I was never looking for any reward or recognition for doing this. I just wanted to help a few kids along the way.
Virginia, call her Ginger, grew up in Florida's panhandle but moved to Massachusetts in 1966 where she has lived ever since. She worked for many years in the medical field before returning to college and working for the IRS until she retired in 2005. Ginger has three adult children, one granddaughter, and a husband named Trevor. Trevor is a retired maintenance worker and will join Ginger on the cruise.
Ginger didn't want to sit in a rocking chair when she retired, and when she learned of a program called Jump Start, well, she jumped in. This was essentially a head start program where Ginger would sit individually with one child at a time and work with them on reading. She would do this once a week for each of three children throughout the entire school year, and the results were tremendous. Ginger did this for two years and then discovered Generations Incorporated.

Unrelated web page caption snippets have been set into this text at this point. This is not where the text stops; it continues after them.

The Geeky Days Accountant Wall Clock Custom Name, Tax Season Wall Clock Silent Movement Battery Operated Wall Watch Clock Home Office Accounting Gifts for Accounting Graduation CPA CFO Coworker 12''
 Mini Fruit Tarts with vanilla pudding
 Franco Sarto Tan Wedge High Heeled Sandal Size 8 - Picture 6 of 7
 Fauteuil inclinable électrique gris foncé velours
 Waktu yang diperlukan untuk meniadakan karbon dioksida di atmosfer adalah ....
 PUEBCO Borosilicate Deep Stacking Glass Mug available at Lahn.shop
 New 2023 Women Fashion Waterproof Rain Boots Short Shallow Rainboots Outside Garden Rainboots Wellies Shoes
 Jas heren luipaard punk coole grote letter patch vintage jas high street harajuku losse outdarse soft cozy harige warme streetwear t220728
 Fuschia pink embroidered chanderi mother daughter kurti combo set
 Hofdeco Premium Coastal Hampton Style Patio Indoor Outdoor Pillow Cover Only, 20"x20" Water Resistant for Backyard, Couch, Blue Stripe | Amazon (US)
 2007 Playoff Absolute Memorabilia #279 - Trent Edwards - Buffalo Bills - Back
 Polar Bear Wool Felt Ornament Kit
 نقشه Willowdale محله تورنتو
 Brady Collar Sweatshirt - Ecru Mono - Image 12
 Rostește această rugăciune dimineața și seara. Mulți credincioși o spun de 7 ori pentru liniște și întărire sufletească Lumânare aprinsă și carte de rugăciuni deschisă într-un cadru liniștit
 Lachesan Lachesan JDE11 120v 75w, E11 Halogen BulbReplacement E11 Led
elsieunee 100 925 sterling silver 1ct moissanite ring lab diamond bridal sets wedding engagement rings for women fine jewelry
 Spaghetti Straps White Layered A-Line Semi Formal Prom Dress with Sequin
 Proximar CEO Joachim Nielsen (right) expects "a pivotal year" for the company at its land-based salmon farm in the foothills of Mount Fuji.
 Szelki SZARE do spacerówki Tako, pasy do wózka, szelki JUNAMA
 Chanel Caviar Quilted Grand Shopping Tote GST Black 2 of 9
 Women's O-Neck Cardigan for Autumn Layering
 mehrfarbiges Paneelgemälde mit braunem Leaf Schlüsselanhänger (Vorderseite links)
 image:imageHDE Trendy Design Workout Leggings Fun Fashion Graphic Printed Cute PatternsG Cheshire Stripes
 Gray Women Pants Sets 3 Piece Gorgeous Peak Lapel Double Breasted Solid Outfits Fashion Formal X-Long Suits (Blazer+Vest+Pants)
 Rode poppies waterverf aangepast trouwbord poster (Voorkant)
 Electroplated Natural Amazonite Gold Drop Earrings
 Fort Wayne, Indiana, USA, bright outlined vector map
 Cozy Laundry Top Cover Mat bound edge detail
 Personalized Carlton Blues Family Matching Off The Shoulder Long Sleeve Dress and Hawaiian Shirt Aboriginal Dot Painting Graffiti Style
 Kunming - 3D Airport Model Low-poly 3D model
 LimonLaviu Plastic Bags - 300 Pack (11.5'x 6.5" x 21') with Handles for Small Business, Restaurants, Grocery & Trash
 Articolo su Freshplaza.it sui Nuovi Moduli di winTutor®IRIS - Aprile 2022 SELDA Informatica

Generations Incorporated is much like Jump Start, but it focuses on children already in school who are struggling with reading. Teachers identify the kids and then contact parents to suggest a customized program for them. That's where Ginger comes in. Like Jump Start, Ginger then works individually with each student for the 35 weeks of the school year helping each child read one book at a time. She asks questions about the book, patiently works through each difficult word of a sentence, and week-by-week watches the children start to get it. She not only improves reading skills but dramatically increases the child's confidence in his or her ability. Ginger gets to know each kid personally, takes an interest in their interests, and shows them the joy of learning new things. After the year is done, the average improvement in each child's reading skills is a two-and-a-half-year leap in reading comprehension. In short, Ginger helps put each child on the path for a successful experience in grammar and high school.
Ginger still works individually with children, but she is now the site team leader. This means she spends most of her time setting the program up, scheduling reading sessions for other volunteers, coordinating with and getting approval from parents, and managing the program. Says Ginger: "I just love what I do. I can see the kids improving each week and gaining skills they will need for success in life. At the end of the day, I think I get more out of this than the kids."